Closed burntout closed 10 years ago
Hmm. That's a good point. I'll think this over. I have also just debated using the 2-clause BSD license. I'll think this over, and chew on it.
After considering this all night, and researching the differences between all of the "copyleft" licenses, I agree that the AGPL v3 is the appropriate license for this application. The AGPL v3 addresses the "application service provider", or ASP loophole found in the GPL v3 proper. In basic terms, a server administrator could take GPL-licensed software, make modifications to the software, and host the software on his server, without releasing the source, because technically, he is not distributing the software.
The AGPL addresses this, by forcing server and network service administrators to publish their source code changes, if they are using those changes in the service. Because this is a cryptographic web application, transparency between the end user and the server administrator should be as clear as possible. The level of trust that the user is placing is the server administrator, if they are not running their own instance needs to be high. By licensing this software under the AGPL v3, the server administrator is bound by copyleft license to release any code changes that they make to the software.

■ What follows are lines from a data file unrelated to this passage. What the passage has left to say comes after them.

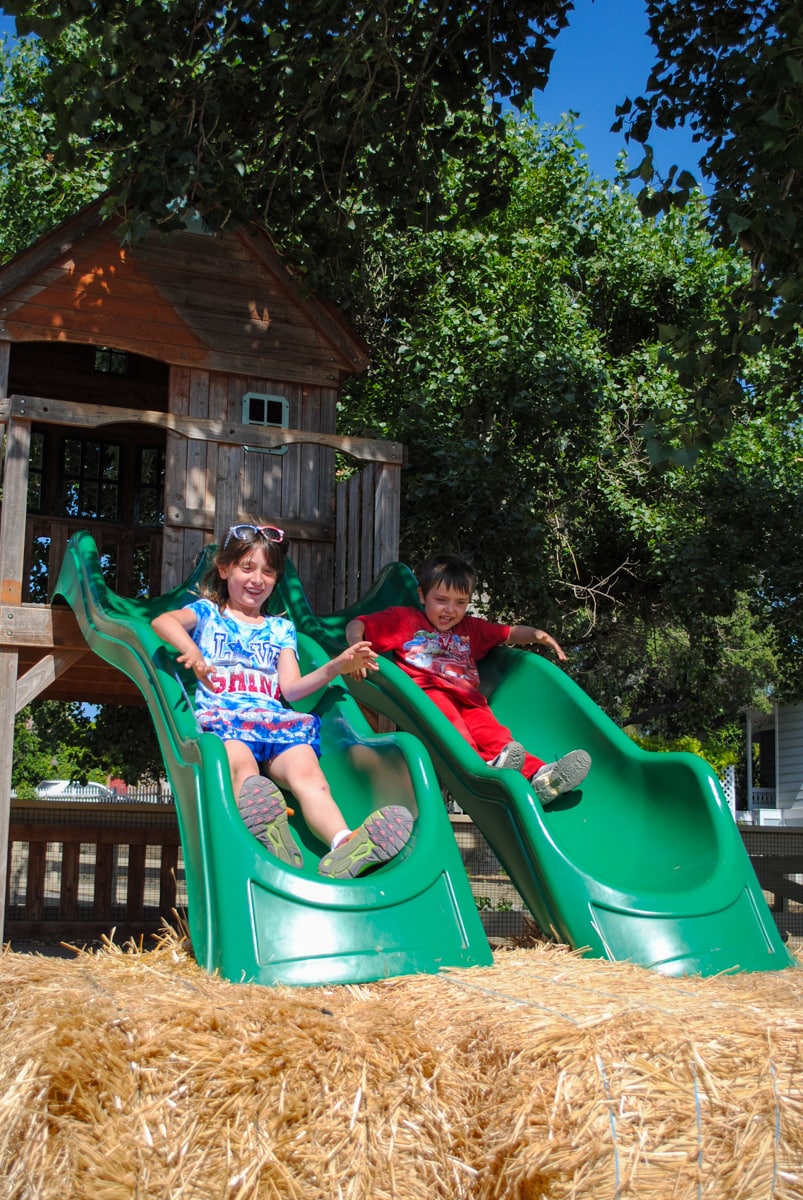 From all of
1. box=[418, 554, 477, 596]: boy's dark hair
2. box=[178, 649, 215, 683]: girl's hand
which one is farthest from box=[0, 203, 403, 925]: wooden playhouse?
box=[178, 649, 215, 683]: girl's hand

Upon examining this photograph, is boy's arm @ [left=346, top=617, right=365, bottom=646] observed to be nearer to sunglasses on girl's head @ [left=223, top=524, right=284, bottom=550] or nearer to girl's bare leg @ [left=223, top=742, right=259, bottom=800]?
sunglasses on girl's head @ [left=223, top=524, right=284, bottom=550]

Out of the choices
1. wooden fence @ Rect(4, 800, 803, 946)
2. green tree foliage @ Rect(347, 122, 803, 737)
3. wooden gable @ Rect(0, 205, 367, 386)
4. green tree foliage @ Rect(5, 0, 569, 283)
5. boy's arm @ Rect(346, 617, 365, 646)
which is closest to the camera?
boy's arm @ Rect(346, 617, 365, 646)

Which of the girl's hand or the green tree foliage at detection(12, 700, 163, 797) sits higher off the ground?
the girl's hand

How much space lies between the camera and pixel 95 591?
606 cm

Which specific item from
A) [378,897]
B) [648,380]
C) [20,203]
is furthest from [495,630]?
[20,203]

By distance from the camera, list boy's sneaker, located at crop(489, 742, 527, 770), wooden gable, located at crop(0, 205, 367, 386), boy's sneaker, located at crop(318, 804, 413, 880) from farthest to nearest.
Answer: wooden gable, located at crop(0, 205, 367, 386), boy's sneaker, located at crop(489, 742, 527, 770), boy's sneaker, located at crop(318, 804, 413, 880)

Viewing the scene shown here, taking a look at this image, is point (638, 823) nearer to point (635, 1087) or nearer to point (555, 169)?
point (635, 1087)

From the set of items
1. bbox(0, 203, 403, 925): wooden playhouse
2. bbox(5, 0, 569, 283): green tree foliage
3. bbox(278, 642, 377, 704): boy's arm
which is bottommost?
bbox(278, 642, 377, 704): boy's arm

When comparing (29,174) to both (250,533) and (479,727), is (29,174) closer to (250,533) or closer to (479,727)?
(250,533)

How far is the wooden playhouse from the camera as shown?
22.4 ft

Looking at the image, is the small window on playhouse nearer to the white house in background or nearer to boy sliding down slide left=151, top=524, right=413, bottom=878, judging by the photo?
boy sliding down slide left=151, top=524, right=413, bottom=878

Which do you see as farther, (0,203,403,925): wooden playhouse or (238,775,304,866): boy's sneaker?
(0,203,403,925): wooden playhouse

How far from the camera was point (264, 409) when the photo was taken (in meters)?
8.39

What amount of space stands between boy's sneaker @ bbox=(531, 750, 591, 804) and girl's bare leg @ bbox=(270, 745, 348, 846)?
2.92ft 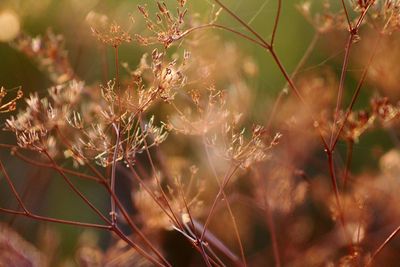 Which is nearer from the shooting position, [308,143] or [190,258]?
[308,143]

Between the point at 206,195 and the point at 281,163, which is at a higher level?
the point at 281,163

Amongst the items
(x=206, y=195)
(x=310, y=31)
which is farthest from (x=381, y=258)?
(x=310, y=31)

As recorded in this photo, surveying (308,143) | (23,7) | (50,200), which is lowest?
(50,200)

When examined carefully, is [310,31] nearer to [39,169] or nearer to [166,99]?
[39,169]

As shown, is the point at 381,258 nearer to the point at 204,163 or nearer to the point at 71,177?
the point at 204,163

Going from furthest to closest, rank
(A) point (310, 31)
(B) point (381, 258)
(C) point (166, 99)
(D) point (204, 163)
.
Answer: (A) point (310, 31) < (B) point (381, 258) < (D) point (204, 163) < (C) point (166, 99)

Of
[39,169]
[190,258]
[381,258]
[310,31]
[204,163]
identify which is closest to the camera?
[39,169]

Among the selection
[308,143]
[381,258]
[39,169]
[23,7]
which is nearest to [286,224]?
[308,143] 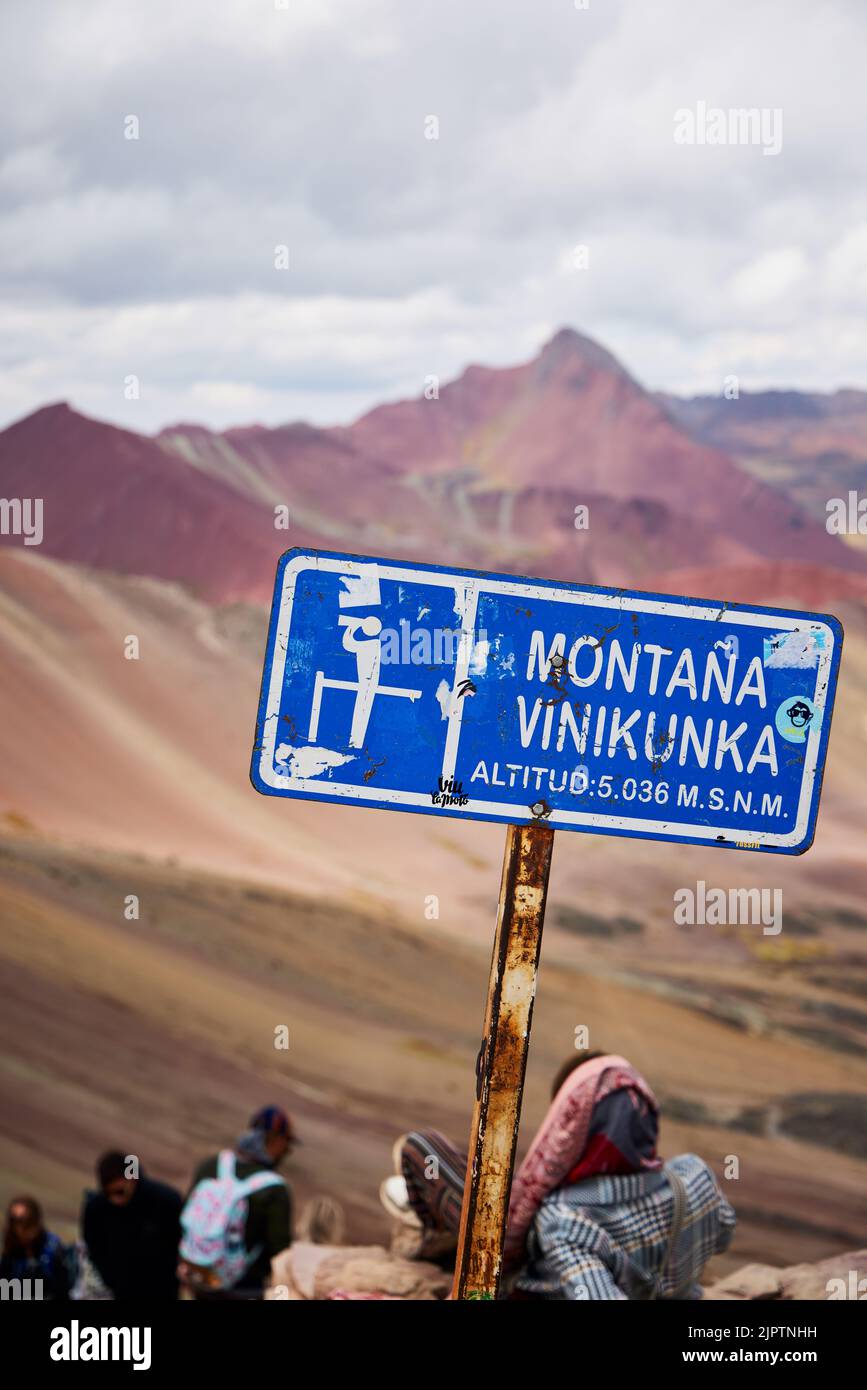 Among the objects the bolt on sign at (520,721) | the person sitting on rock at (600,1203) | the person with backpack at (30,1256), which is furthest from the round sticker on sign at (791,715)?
the person with backpack at (30,1256)

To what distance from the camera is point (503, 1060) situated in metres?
1.98

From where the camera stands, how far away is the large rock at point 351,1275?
110 inches

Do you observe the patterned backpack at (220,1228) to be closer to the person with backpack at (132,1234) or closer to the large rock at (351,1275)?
the large rock at (351,1275)

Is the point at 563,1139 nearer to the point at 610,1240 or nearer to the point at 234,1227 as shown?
the point at 610,1240

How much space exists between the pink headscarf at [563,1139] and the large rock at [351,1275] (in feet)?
1.16

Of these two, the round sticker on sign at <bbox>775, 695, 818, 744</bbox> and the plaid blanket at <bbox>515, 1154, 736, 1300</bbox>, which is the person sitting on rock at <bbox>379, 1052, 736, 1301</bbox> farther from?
the round sticker on sign at <bbox>775, 695, 818, 744</bbox>

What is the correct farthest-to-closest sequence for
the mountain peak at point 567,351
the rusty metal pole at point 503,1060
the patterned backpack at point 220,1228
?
A: the mountain peak at point 567,351, the patterned backpack at point 220,1228, the rusty metal pole at point 503,1060

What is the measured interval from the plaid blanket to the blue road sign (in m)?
0.77

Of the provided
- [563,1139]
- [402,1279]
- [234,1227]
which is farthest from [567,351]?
[563,1139]

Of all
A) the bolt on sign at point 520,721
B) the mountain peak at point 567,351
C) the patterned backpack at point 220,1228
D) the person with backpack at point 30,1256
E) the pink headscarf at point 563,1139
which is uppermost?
the mountain peak at point 567,351

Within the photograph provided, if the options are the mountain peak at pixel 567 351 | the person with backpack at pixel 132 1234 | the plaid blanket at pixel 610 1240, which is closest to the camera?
the plaid blanket at pixel 610 1240

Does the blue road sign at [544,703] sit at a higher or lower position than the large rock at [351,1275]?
higher
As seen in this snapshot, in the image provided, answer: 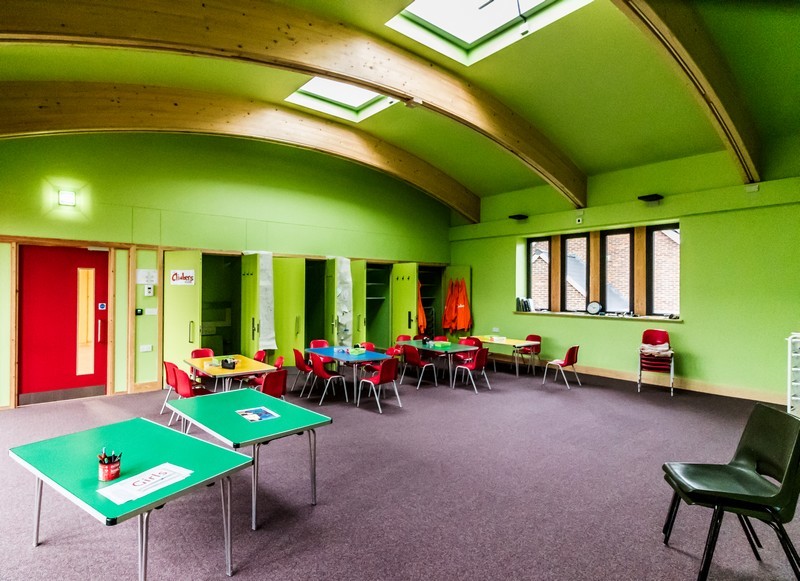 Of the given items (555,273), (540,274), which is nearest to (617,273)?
(555,273)

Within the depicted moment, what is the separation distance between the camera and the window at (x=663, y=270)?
777 cm

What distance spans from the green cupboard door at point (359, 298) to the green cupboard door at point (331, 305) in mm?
539

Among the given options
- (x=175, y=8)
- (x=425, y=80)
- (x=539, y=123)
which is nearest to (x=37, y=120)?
(x=175, y=8)

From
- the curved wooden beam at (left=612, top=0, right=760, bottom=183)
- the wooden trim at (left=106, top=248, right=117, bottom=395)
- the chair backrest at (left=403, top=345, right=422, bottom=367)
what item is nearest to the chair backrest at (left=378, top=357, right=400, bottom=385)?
the chair backrest at (left=403, top=345, right=422, bottom=367)

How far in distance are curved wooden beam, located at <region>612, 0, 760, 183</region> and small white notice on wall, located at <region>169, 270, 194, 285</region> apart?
686cm

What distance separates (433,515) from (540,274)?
7598 millimetres

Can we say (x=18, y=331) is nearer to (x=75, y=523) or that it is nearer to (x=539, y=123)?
(x=75, y=523)

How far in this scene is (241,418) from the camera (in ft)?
10.4

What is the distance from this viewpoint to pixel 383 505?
3312mm

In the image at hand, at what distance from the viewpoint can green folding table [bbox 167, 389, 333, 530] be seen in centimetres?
281

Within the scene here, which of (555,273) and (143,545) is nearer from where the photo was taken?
(143,545)

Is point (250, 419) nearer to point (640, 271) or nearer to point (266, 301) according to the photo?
point (266, 301)

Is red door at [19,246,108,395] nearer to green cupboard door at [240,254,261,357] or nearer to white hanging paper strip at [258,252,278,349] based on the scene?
green cupboard door at [240,254,261,357]

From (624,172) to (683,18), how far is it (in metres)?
3.91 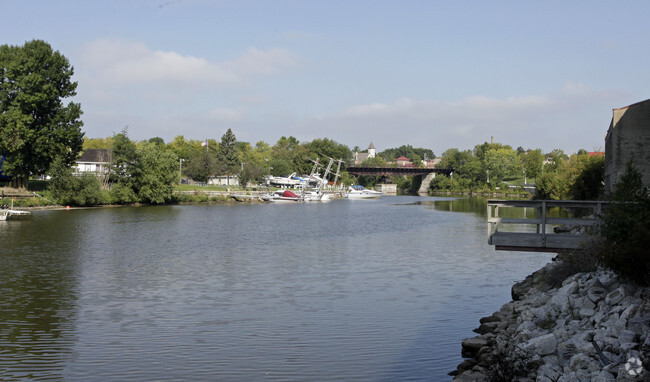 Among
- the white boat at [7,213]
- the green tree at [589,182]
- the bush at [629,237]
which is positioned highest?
the green tree at [589,182]

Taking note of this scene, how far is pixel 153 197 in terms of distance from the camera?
8681cm

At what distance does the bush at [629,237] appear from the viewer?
14086 mm

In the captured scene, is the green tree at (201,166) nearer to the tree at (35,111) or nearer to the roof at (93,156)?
the roof at (93,156)

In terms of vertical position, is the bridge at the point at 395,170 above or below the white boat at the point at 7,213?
above

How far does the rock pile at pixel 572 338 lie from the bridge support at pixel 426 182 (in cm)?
16887

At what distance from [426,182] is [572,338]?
577 ft

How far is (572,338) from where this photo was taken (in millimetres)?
13328

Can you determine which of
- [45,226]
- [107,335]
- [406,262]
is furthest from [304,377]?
[45,226]

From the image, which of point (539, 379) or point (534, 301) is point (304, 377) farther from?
point (534, 301)

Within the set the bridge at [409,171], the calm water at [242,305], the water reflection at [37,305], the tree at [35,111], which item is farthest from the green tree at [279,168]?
the water reflection at [37,305]

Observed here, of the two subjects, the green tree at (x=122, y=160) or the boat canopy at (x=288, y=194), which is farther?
the boat canopy at (x=288, y=194)

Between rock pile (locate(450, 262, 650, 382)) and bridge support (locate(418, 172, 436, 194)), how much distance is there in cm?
16887

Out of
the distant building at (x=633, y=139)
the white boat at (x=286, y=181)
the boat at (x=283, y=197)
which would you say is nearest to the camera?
the distant building at (x=633, y=139)

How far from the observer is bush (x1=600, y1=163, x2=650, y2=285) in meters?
14.1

Because this is a cryptographic web application, I initially chose the strong copyleft GPL to prevent the cryptographic app from going proprietary. I know that OpenBSD developers will disagree with me, but I just can't find any benefit to letting a security application go proprietary. As much as I love the BSD and MIT licenses, even the LGPL, it doesn't fit here. I need to enforce that the application respects users freedoms, and attempts at making server administrators responsible for their code modifications through transparency.
The Affero GPL v3 is a good fit here.